Одновременно Датрик разыскивал дун-мага по имени Мортред и тех силвов, которых тот похитил и обратил в подобных себе. Преследователи и преследуемые встретились на косе Гортан. Там Флейм случайно привлекла к себе внимание Мортреда. Она была похищена, изнасилована, а потом лишилась руки, чтобы избавиться от дун-скверны. Ей на помощь пришли Блейз и менодианский патриарх по имени Тор Райдер, но и сами попали в беду. Вот тут-то и появилась гхемф Эйлса – с ее помощью Блейз удалось освободиться, но сама Эйлса погибла.

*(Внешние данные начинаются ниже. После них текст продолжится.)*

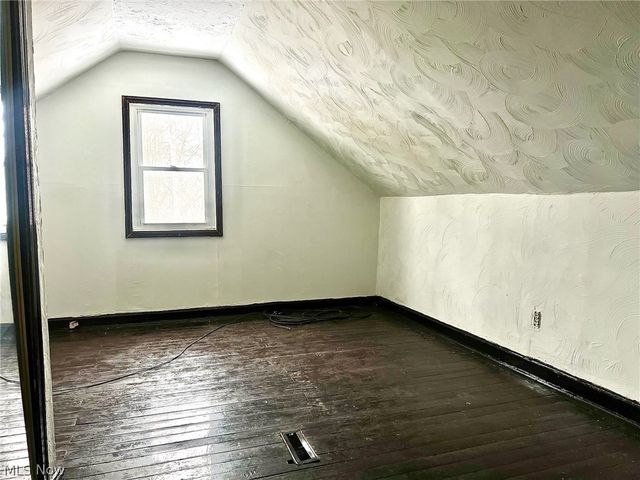 3736 Martin Luther King Jr Drive, Cleveland, OH 44105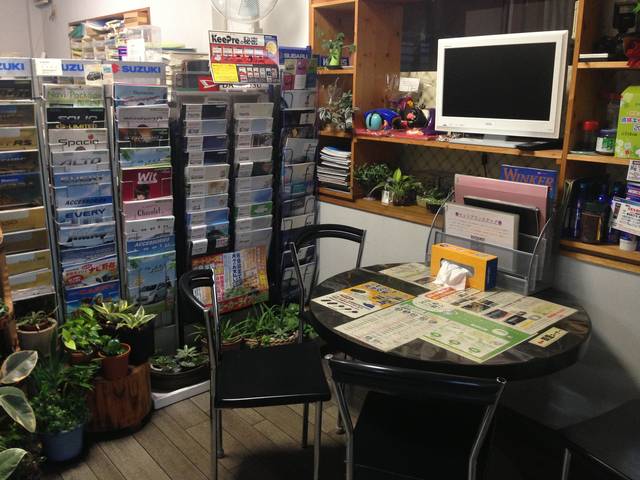 整備工場の待合スペースです。車検・鈑金・パーツ取付けなど様々な作業を受付けております。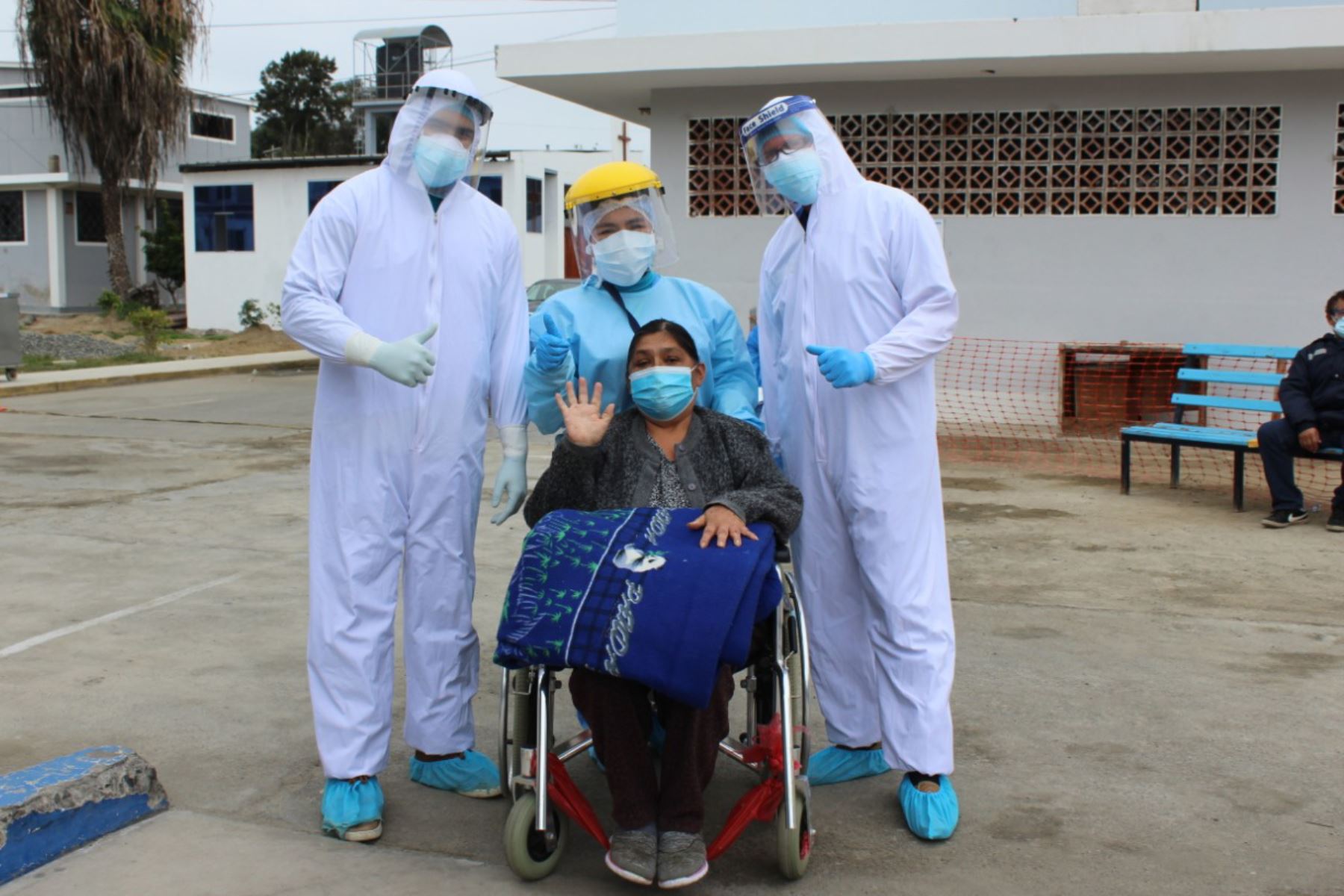 Cuatro madres de familia fueron dadas de alta del Hospital La Caleta de Chimbote, en la región Áncash. Foto: ANDINA/Difusión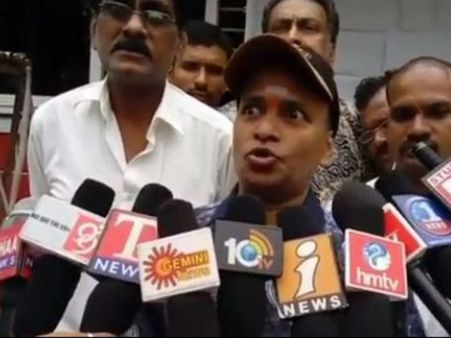 వేణు మాధవ్ చనిపోతే నేను ఎవర్ని? సాక్ష్యాలు చూపుతూ ఫైర్ (వీడియో)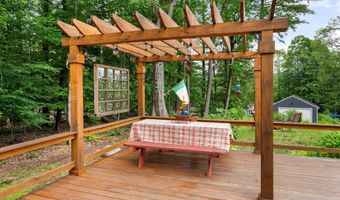 85 Lakeview Ave, Bristol, NH 03222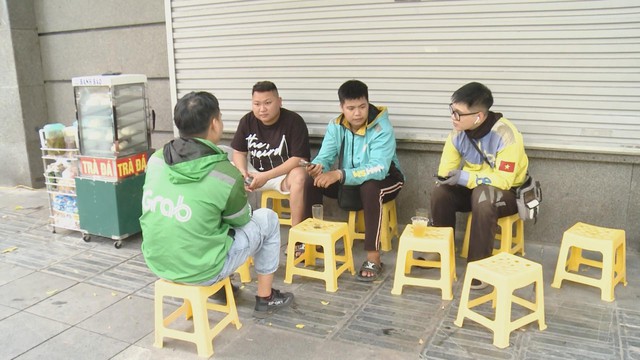Người dân Hà Nội chống chọi với nắng nóng kéo dài - Ảnh 3.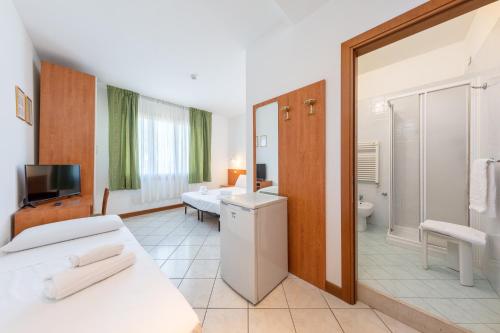 ein Hotelzimmer mit 2 Betten und einem Bad in der Unterkunft B&B New Aurora Venice in Marghera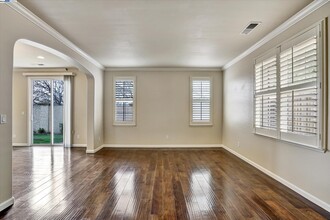 2016 Maidenhair Way in San Ramon, CA - Building Photo - Building Photo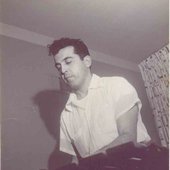 Joe_Roland_on_Vibraphone.jpeg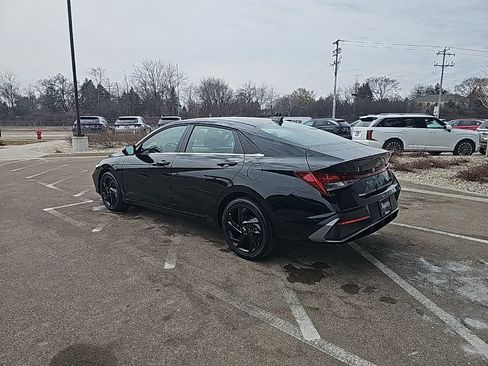 New 2026 Hyundai Elantra SEL Sport Premium FWD image 3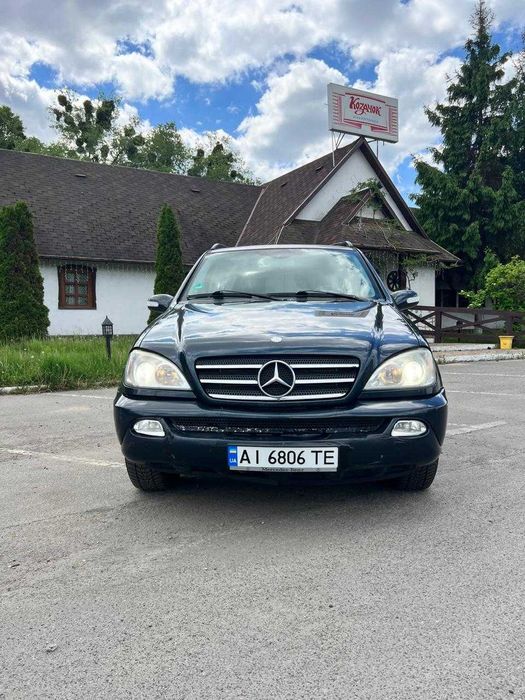 Mercedes-Benz M-Class 2002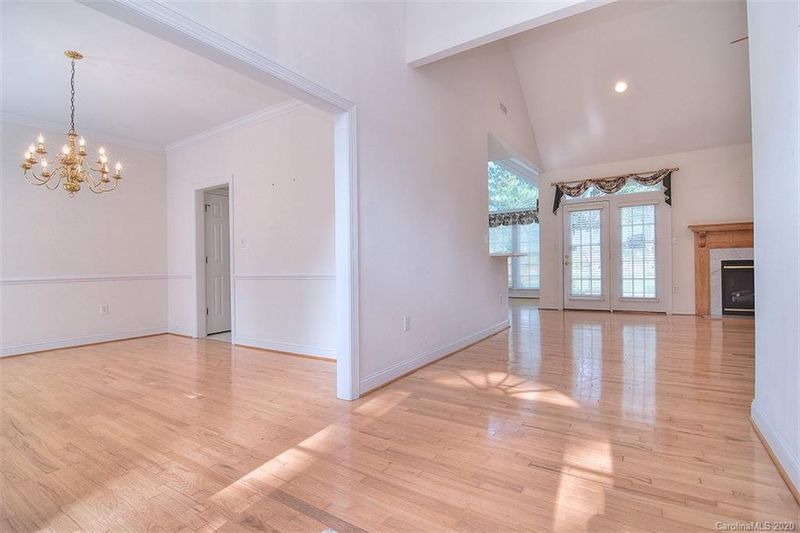 4231 Shannamara Dr, Matthews, NC 28104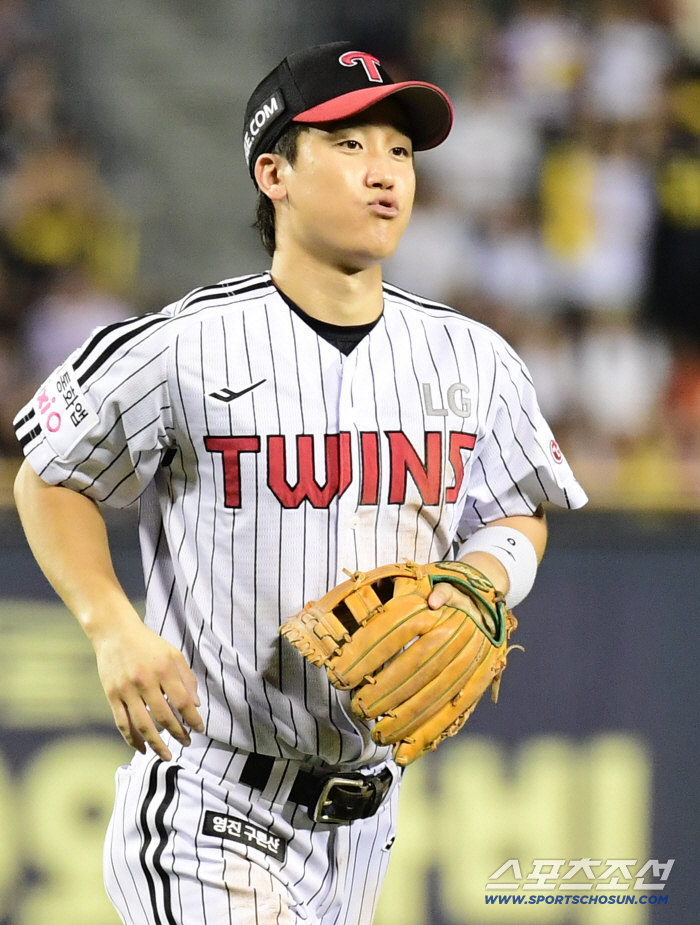 Koo Bon-hyuk is a left fielder, so it's his first outfielder start. Shall we play in Suwon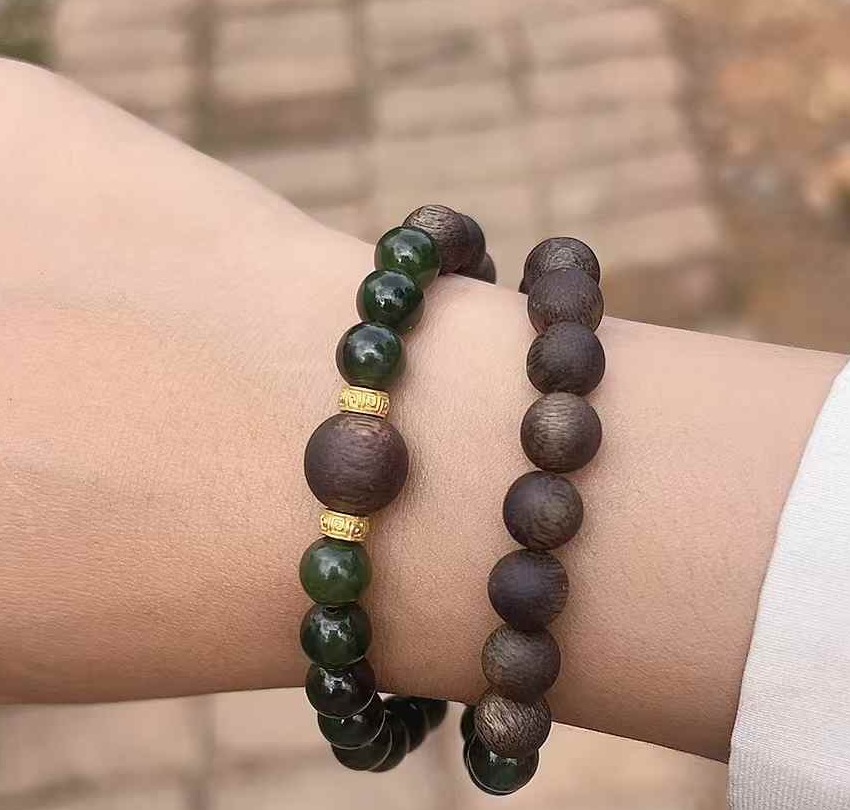 Natural Agarwood Green Jadeite DIY Multi-loop Bracelet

Вскоре после этого два корабля хранителей атаковали деревню Крид, прибежище Мортреда и его подручных на косе Гортан. Самому злодею и его приспешнику Домино удалось бежать в Гортанскую Пристань на уцелевшем морском пони; там они захватили «Свободу хранителей» – корабль, на котором только что прибыли подкрепления для Датрика – и заставили команду доставить их на Мекате.
Тем временем Блейз привела в ярость Датрика, отняв у него Флейм, и две женщины следом за Мортредом отправились на Мекате.
Мне приходилось поверить в услышанное… точнее, поверить в то, что Блейз считала все это правдой. Обмана я не чуял, хотя и догадывался, что кое о чем она умолчала. Блейз ни слова не сказала о своих чувствах к наделенному Взглядом патриарху Тору Райдеру… о них я узнал много позже. Когда Блейз закончила рассказ, уже давно наступила полночь.
Я молча обдумывал то, что услышал. Блейз не стала требовать, чтобы я немедленно высказал свое мнение, как поступили бы на ее месте большинство женщин; она просто отошла к окну и стала глядеть в темноту.
– Откуда ты узнала, что дун-маг отправился на Мекате? – спросил я.